Clinical Research
Introduction: Tissue perfusion plays a major role in wound healing. Existing techniques fail to provide detailed visualization of perfusion. In this study, we developed a photoacoustic imaging (PAI) system capable of mapping vascular structures in the foot. The system was validated in healthy subjects and patients to identify vascular features of tissue perfusion.
Methods:
Methods: The system was developed based on the photoacoustic principle, where hemoglobin molecules in tissue and blood vessels absorb short pulsed light and generate acoustic signals that can be detected by ultrasound transducers. By scanning the transducer across the foot, we acquired high-resolution, three-dimensional images of the foot vasculature. After validating the system's performance in healthy volunteers, we further tested it in patients recruited from the vascular surgery clinic. Statistical and machine learning processes were performed to identify key features of tissue perfusion and wound healing.
Results:
Results: We quantified the system's performance through phantom and in vivo tests. The spatial resolution ranged from 0.8 to 1.2 mm along the three dimensions, and the imaging depth was around 15 mm. We then analyzed data from 20 patients and 10 healthy volunteers and extracted 39 PAI features.
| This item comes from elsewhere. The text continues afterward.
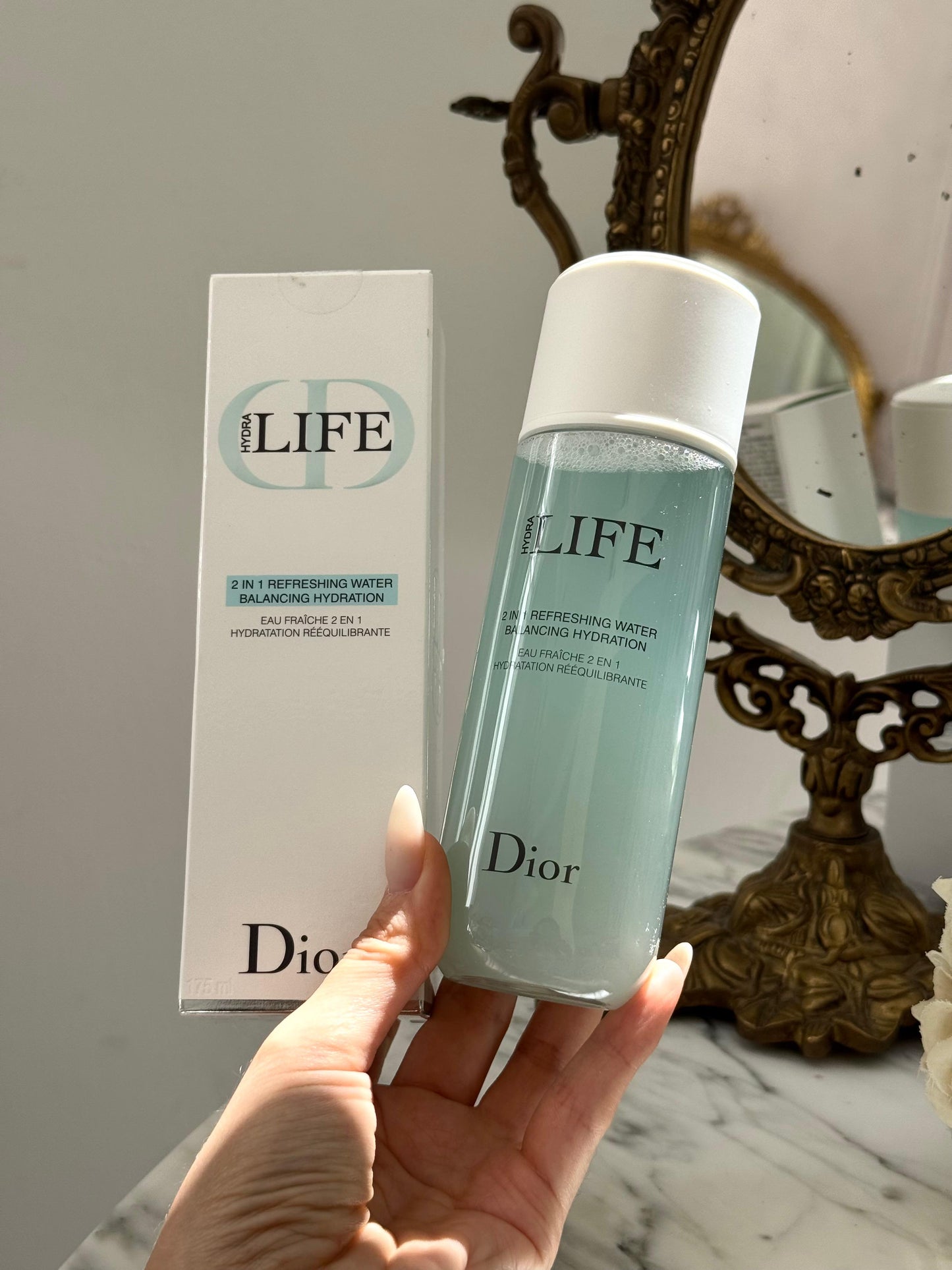 DIOR Hydra Life 2 In 1 Refreshing Water Balancing Hydration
By ranking these features with clinical observation, we found that vessel sharpness, occupancy, intensity, density, SNR, and signal homogeneity have a high correlation with tissue perfusion and wound severity. Statistical analysis of the data further validated these features as robust indicators.
Discussion:
Discussion: This study highlights the clinical potential of photoacoustic imaging for assessing foot ulcer and wound healing. Its non-invasive nature ensures easy integration into clinical workflows. While current findings are limited by the patient dataset size, future studies with larger populations will further validate the results and pave the way for clinical translation. Advancements in machine learning will further enhance PAI’s clinical utility, making it a promising tool for wound care.